● **WORK TASK**: Please return the listing below exactly, without any of its pictures.

● **RECORDS FOR THE EXERCISE**:
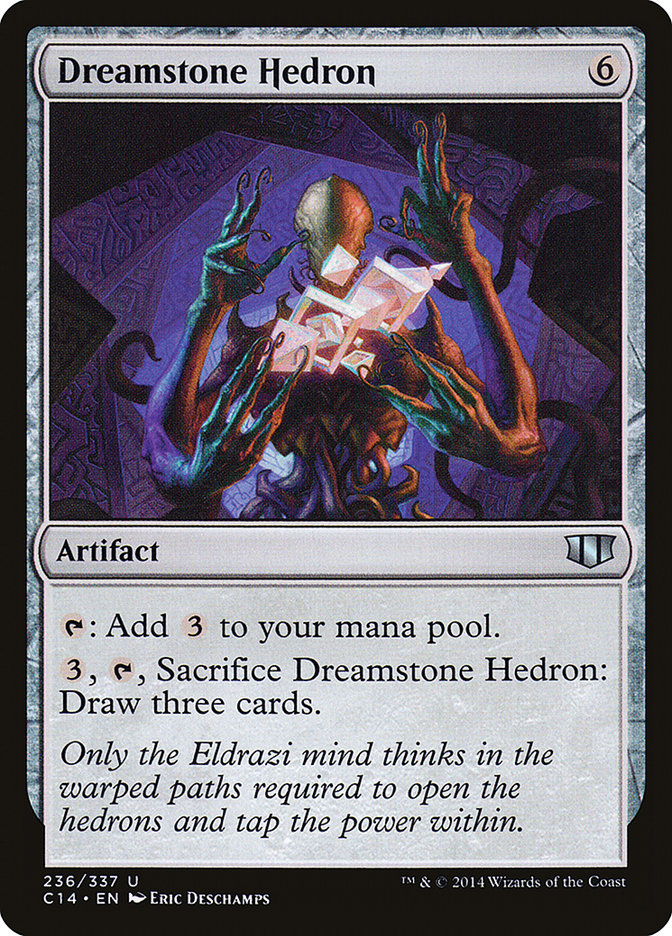 Dreamstone Hedron [Commander 2014] - The Mythic Store | 24h Order Processing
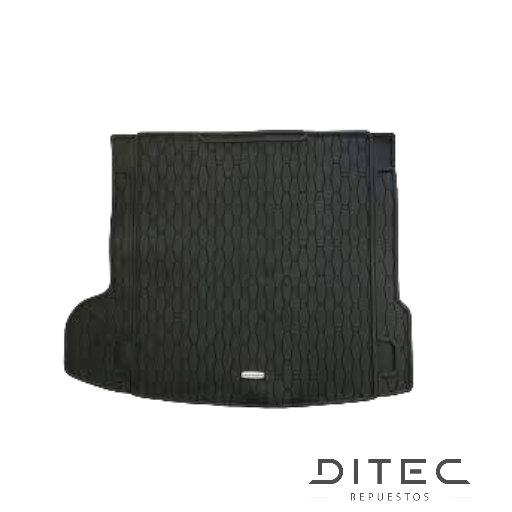 OFERTA05-26 PISO DE GOMA MALETERO F-PACE (16-) PLANO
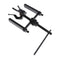 Black 3-Jaw Inner Kit Bushing Gear Extractor Motorcycle Bearing Puller Tool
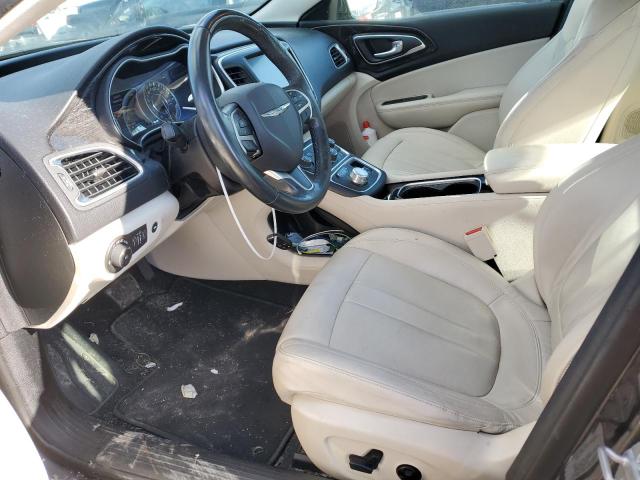 Photo 7 from auction – 2015 CHRYSLER 200 C with VIN 1C3CCCCG9FN515514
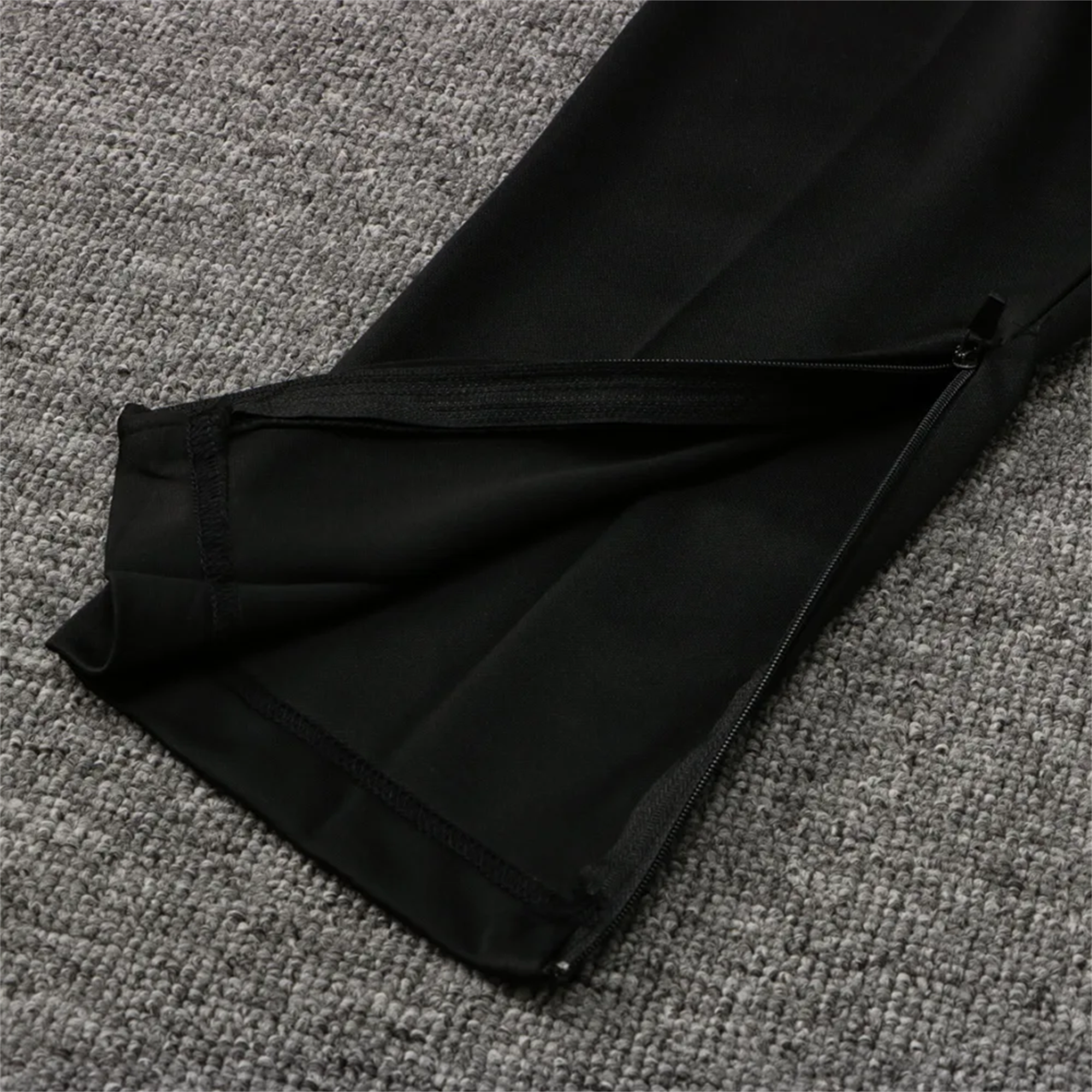 Napoli 21-22 Jacket Training Tracksuit - Black - Unitedfutballjersey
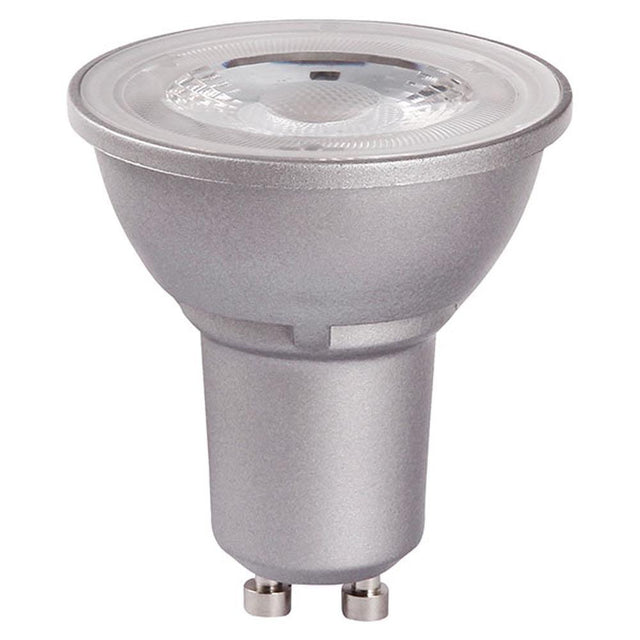 British Electric Lamps - FL-CP-LGU10/5WW60/DIM BEL - British Electric Lamps BELL LED Part Number 60629 <p>Halo Elite LED GU10 5W (75W eqv.) 3000K 60 Degrees Dimmable</p>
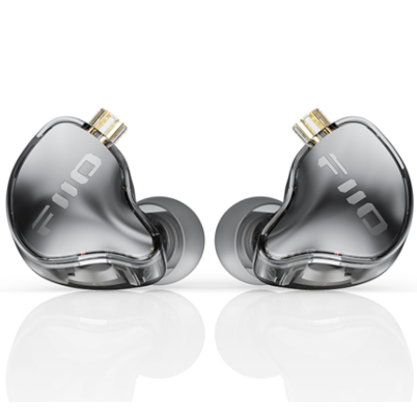 Наушники FiiO JD10 (Type-C) (черный)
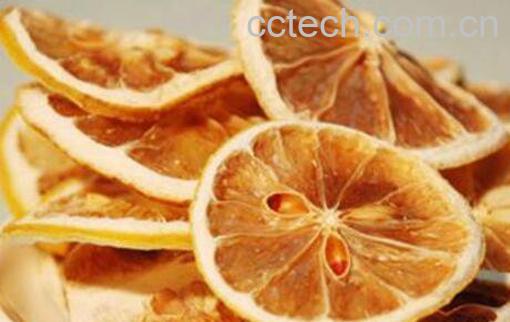干柠檬片的功效与作用及食用方法-1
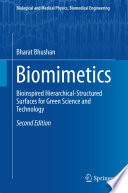 Biomimetics Bioinspired Hierarchical-Structured Surfaces for Green Science and Technology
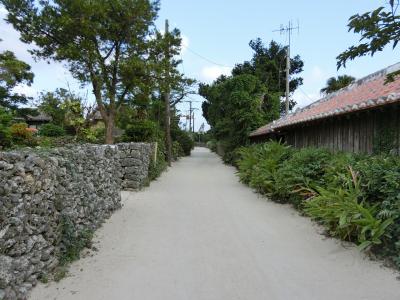 2015年９月☆残暑厳しい八重山の旅♪竹富島で過ごす時間☆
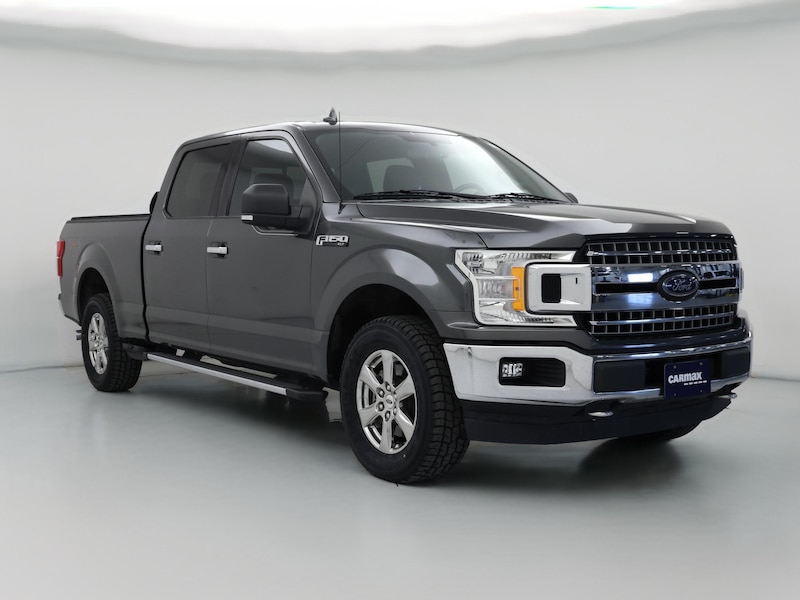 2018 Ford F150 XLT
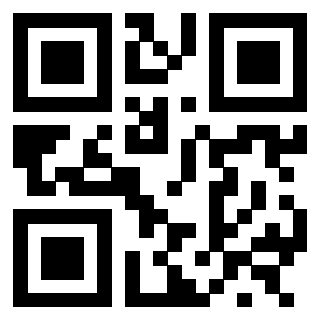 Scansione del QrCode di 3300203787
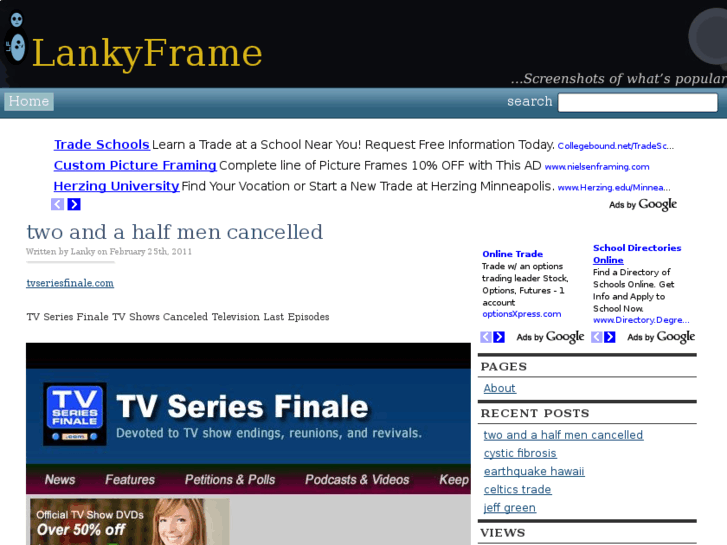 www.lankyframes.com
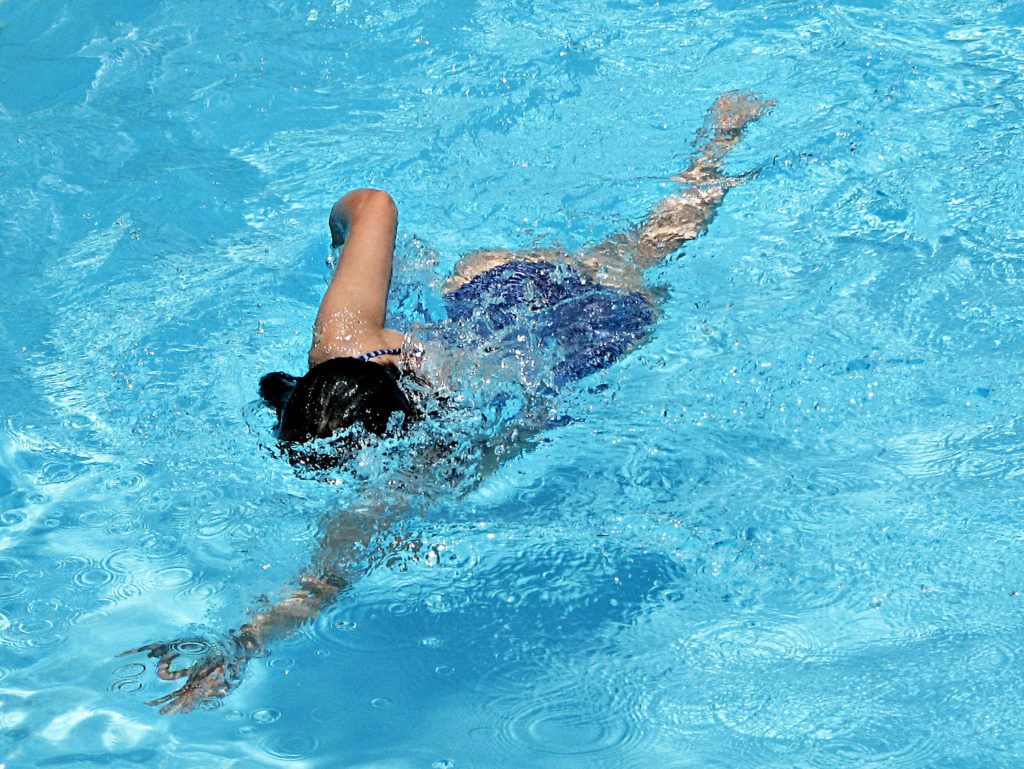 Scoliosis Treatment and Aquatic Therapy
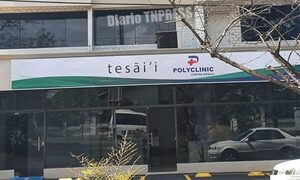 Comienzan tareas de cara a la reapertura de la clínica Tesãi’i – Diario TNPRESS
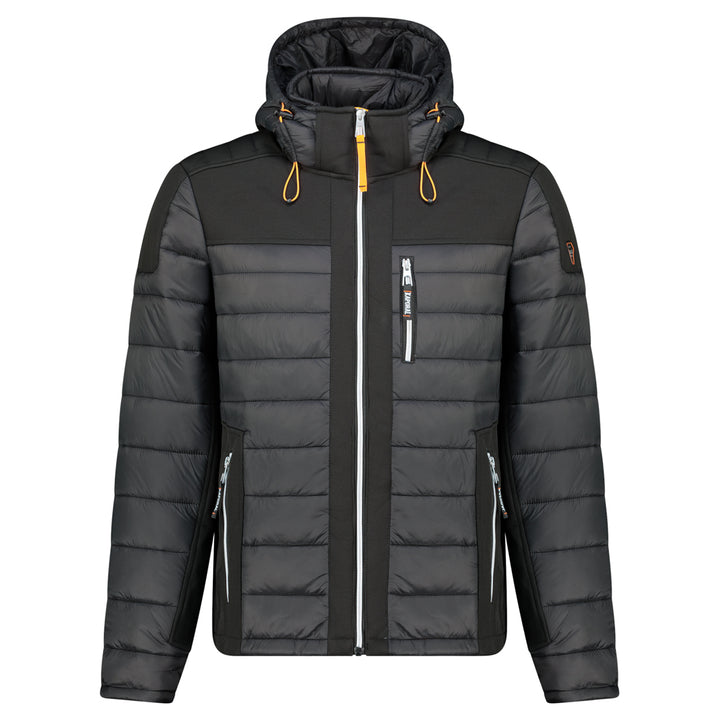 BEVENORAL Homme Noir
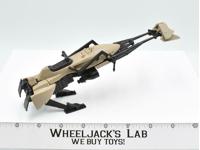 Speeder Bike 100% Complete Star Wars ROTJ Return of the Jedi 1983 Vintage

● **SOLUTION FOR THIS TASK**:
 Dreamstone Hedron [Commander 2014] - The Mythic Store | 24h Order Processing
 OFERTA05-26 PISO DE GOMA MALETERO F-PACE (16-) PLANO
 Black 3-Jaw Inner Kit Bushing Gear Extractor Motorcycle Bearing Puller Tool
 Photo 7 from auction – 2015 CHRYSLER 200 C with VIN 1C3CCCCG9FN515514
 Napoli 21-22 Jacket Training Tracksuit - Black - Unitedfutballjersey
 British Electric Lamps - FL-CP-LGU10/5WW60/DIM BEL - British Electric Lamps BELL LED Part Number 60629 <p>Halo Elite LED GU10 5W (75W eqv.) 3000K 60 Degrees Dimmable</p>
 Наушники FiiO JD10 (Type-C) (черный)
干柠檬片的功效与作用及食用方法-1
 Biomimetics Bioinspired Hierarchical-Structured Surfaces for Green Science and Technology
 2015年９月☆残暑厳しい八重山の旅♪竹富島で過ごす時間☆
 2018 Ford F150 XLT
 Scansione del QrCode di 3300203787
 www.lankyframes.com
 Scoliosis Treatment and Aquatic Therapy
 Comienzan tareas de cara a la reapertura de la clínica Tesãi’i – Diario TNPRESS
 BEVENORAL Homme Noir
 Speeder Bike 100% Complete Star Wars ROTJ Return of the Jedi 1983 Vintage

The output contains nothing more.